• [PROBLEM]
Print every record exactly, omitting none.

── MATERIAL PROVIDED

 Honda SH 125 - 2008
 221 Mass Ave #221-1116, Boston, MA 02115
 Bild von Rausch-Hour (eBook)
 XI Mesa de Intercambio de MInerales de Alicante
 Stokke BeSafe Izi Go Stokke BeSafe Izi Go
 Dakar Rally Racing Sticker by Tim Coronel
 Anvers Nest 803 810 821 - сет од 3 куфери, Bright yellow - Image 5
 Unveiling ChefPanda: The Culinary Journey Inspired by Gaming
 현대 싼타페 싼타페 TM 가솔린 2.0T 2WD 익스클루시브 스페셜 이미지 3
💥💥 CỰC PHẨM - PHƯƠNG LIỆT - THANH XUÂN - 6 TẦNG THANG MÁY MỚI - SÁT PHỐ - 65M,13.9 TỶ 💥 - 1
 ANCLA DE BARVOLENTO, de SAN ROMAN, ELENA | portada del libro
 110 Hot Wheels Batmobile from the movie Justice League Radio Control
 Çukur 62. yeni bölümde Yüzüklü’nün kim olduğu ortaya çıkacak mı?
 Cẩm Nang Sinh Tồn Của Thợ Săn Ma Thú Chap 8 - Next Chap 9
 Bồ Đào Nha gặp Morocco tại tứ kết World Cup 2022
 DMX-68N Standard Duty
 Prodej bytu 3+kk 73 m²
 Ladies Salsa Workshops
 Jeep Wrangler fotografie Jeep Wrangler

────

• [RESPONSE AREA]
 Honda SH 125 - 2008
 221 Mass Ave #221-1116, Boston, MA 02115
 Bild von Rausch-Hour (eBook)
 XI Mesa de Intercambio de MInerales de Alicante
 Stokke BeSafe Izi Go Stokke BeSafe Izi Go
 Dakar Rally Racing Sticker by Tim Coronel
 Anvers Nest 803 810 821 - сет од 3 куфери, Bright yellow - Image 5
 Unveiling ChefPanda: The Culinary Journey Inspired by Gaming
 현대 싼타페 싼타페 TM 가솔린 2.0T 2WD 익스클루시브 스페셜 이미지 3
💥💥 CỰC PHẨM - PHƯƠNG LIỆT - THANH XUÂN - 6 TẦNG THANG MÁY MỚI - SÁT PHỐ - 65M,13.9 TỶ 💥 - 1
 ANCLA DE BARVOLENTO, de SAN ROMAN, ELENA | portada del libro
 110 Hot Wheels Batmobile from the movie Justice League Radio Control
 Çukur 62. yeni bölümde Yüzüklü’nün kim olduğu ortaya çıkacak mı?
 Cẩm Nang Sinh Tồn Của Thợ Săn Ma Thú Chap 8 - Next Chap 9
 Bồ Đào Nha gặp Morocco tại tứ kết World Cup 2022
 DMX-68N Standard Duty
 Prodej bytu 3+kk 73 m²
 Ladies Salsa Workshops
 Jeep Wrangler fotografie Jeep Wrangler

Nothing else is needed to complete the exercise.